## Work instructions
What appears from the line containing "Bollitore argentato con" to the end of the listing below should be copied exactly, with no other lines.
----
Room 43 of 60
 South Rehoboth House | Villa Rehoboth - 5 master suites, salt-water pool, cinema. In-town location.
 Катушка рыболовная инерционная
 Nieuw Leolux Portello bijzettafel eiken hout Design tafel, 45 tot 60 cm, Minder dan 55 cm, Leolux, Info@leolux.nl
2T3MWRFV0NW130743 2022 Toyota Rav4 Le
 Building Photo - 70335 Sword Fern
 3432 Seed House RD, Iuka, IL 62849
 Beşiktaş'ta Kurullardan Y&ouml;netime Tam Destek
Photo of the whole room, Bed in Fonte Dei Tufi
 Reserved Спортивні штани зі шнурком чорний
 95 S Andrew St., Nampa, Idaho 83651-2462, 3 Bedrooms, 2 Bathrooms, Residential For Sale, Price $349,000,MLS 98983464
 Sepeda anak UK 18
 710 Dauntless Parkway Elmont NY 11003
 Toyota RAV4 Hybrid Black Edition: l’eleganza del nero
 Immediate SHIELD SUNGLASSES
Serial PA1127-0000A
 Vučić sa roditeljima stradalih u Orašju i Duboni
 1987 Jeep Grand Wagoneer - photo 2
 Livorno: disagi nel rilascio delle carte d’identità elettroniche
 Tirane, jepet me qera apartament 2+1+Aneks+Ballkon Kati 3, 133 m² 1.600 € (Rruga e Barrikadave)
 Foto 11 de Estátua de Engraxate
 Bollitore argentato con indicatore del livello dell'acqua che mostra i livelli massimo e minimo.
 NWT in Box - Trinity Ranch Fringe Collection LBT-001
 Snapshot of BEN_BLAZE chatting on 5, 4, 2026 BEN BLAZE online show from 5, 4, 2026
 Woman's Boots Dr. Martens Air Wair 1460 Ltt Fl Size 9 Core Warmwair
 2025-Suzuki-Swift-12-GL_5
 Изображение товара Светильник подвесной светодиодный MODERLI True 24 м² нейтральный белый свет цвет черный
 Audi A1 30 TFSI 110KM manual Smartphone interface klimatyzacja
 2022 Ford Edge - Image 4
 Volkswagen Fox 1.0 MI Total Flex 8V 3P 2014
----
## Solution to this problem
 Bollitore argentato con indicatore del livello dell'acqua che mostra i livelli massimo e minimo.
 NWT in Box - Trinity Ranch Fringe Collection LBT-001
 Snapshot of BEN_BLAZE chatting on 5, 4, 2026 BEN BLAZE online show from 5, 4, 2026
 Woman's Boots Dr. Martens Air Wair 1460 Ltt Fl Size 9 Core Warmwair
 2025-Suzuki-Swift-12-GL_5
 Изображение товара Светильник подвесной светодиодный MODERLI True 24 м² нейтральный белый свет цвет черный
 Audi A1 30 TFSI 110KM manual Smartphone interface klimatyzacja
 2022 Ford Edge - Image 4
 Volkswagen Fox 1.0 MI Total Flex 8V 3P 2014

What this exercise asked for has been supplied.